**DATA RECORDS**
=-=-=-=-=
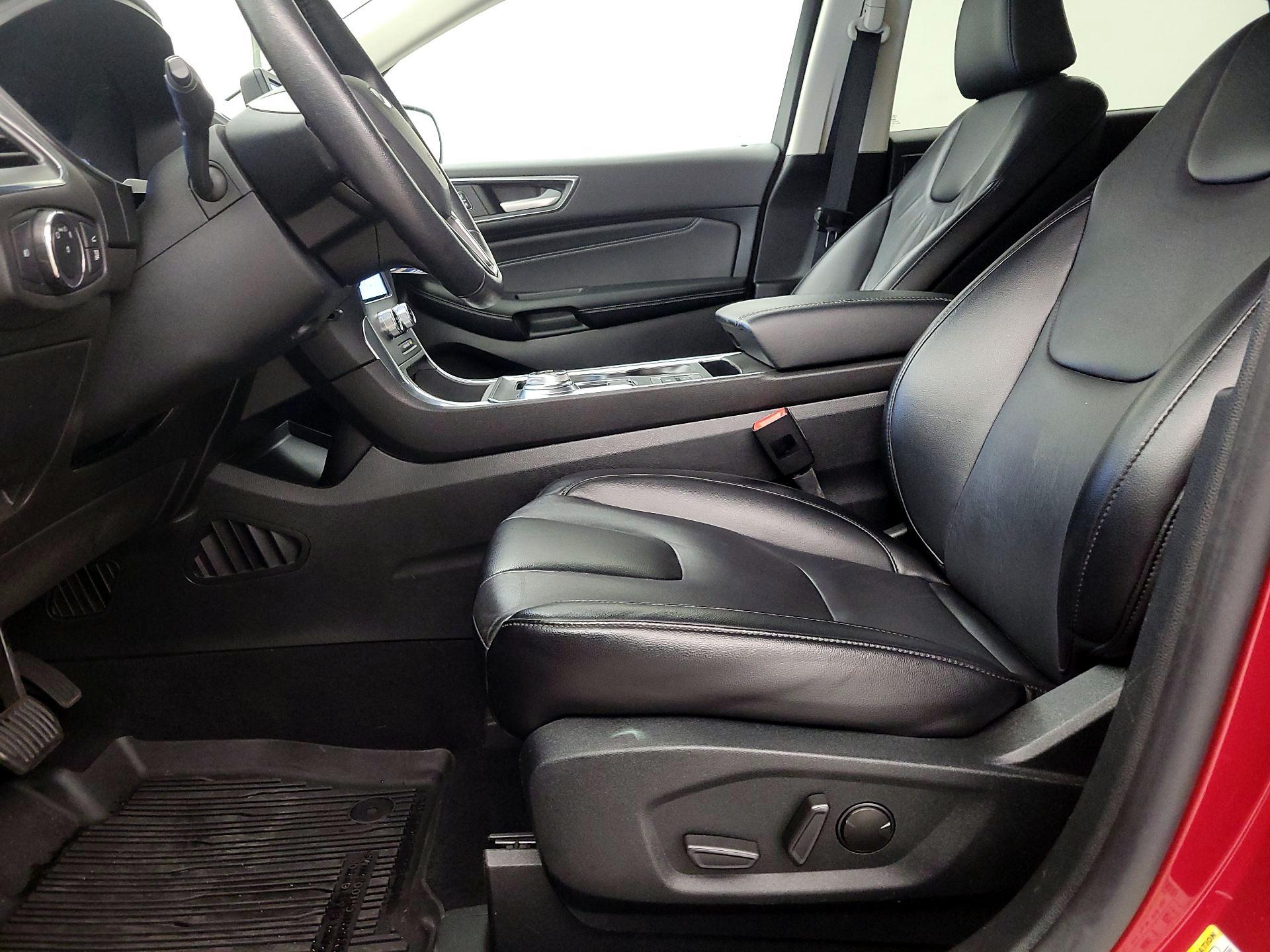 Thumbnail: 2022 Ford Edge - 11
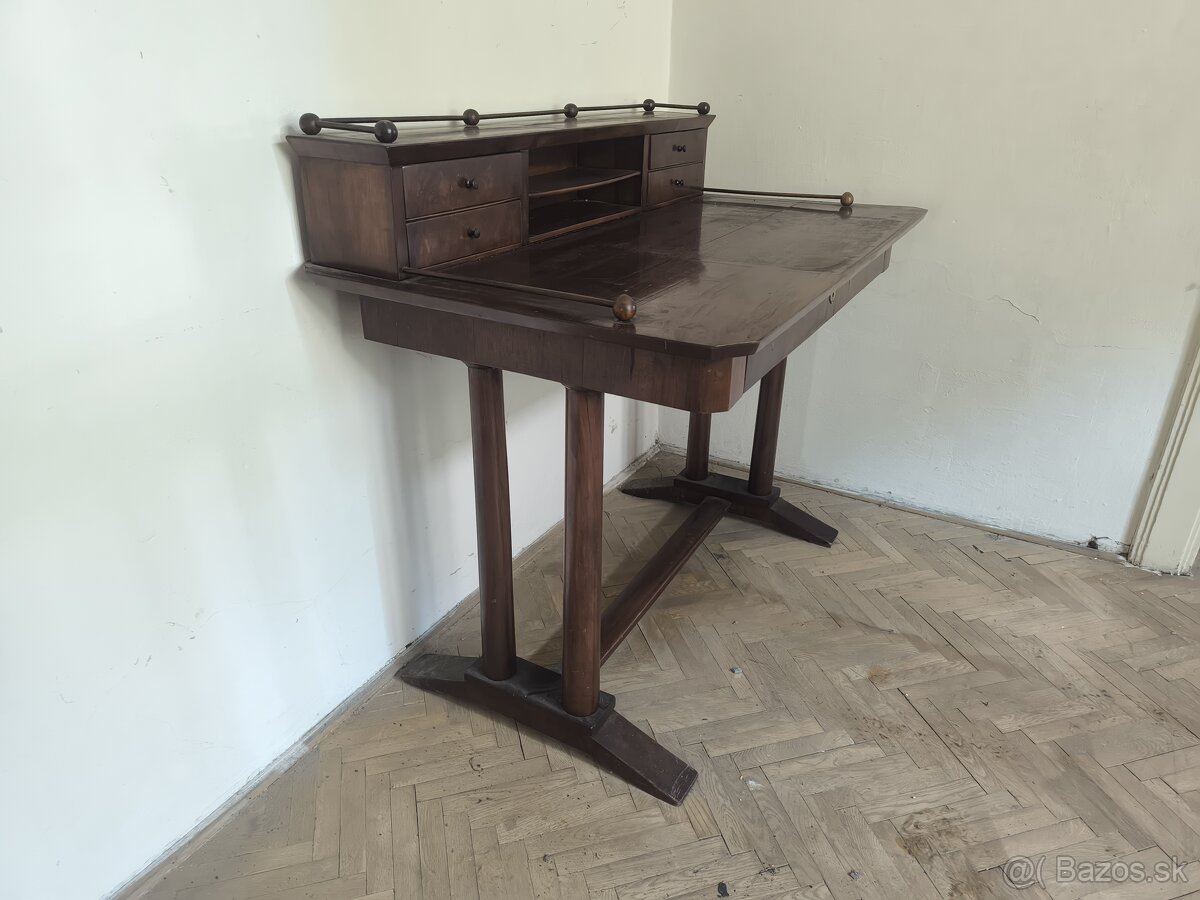Starožitny písací stol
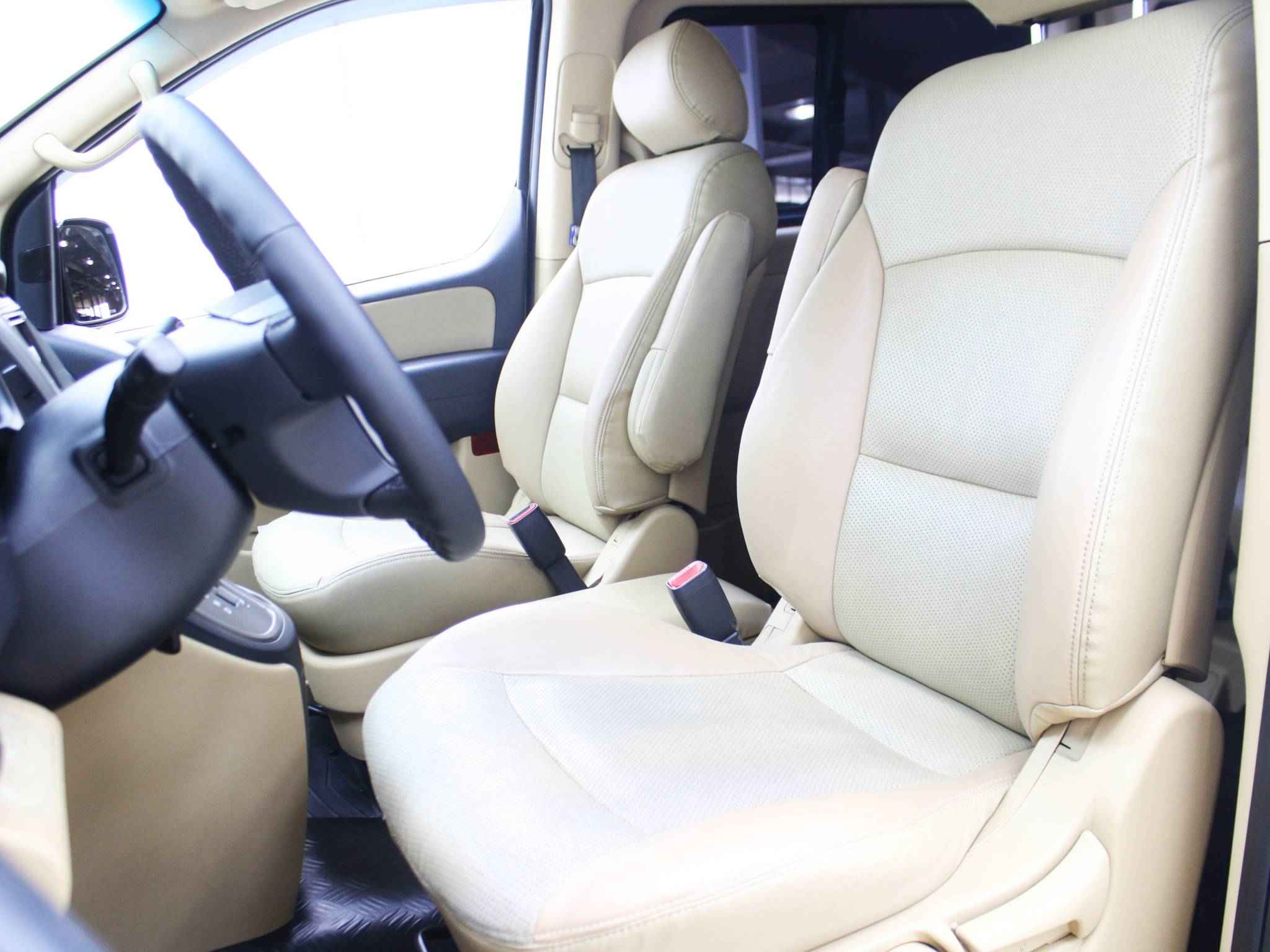 Hyundai Grand Starex, I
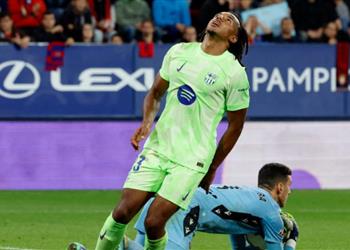 كوندي يكشف حديث فليك مع لاعبي برشلونة ويرفض التعليق على ضربة الجزاء أمام خيتافي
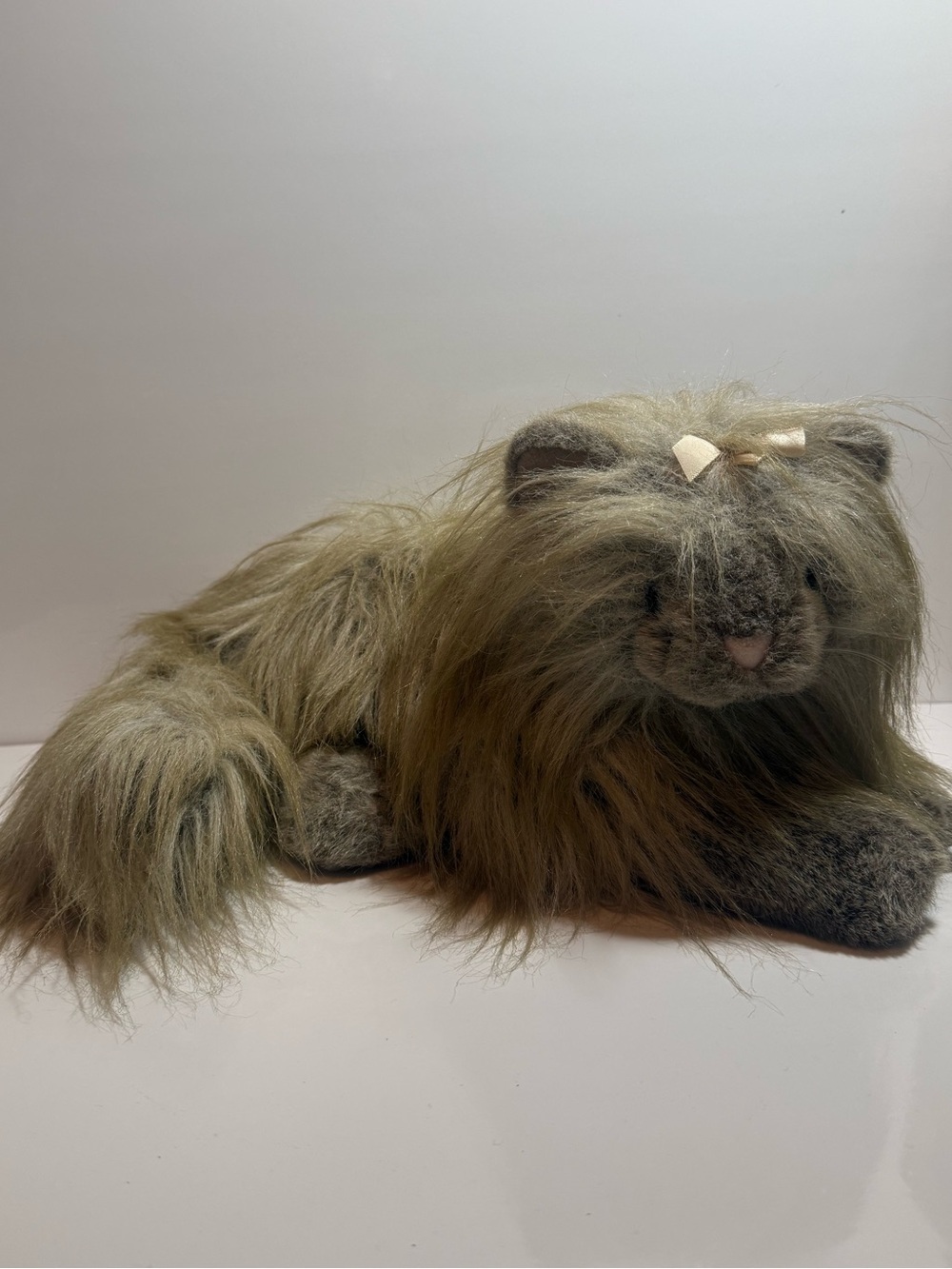 VTG 18” 1991 Plush Creations Realistic Stuffed Brown Persian Cat Blue Eyes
=-=-=-=-=
**ACTIVITY**
Could you transcribe exactly the lines from the line containing "Hyundai Grand Starex, I" through the final line of the records, both included, and nothing beyond them? The pictures should be left out.

**EXERCISE OUTPUT**
 Hyundai Grand Starex, I
 كوندي يكشف حديث فليك مع لاعبي برشلونة ويرفض التعليق على ضربة الجزاء أمام خيتافي
 VTG 18” 1991 Plush Creations Realistic Stuffed Brown Persian Cat Blue Eyes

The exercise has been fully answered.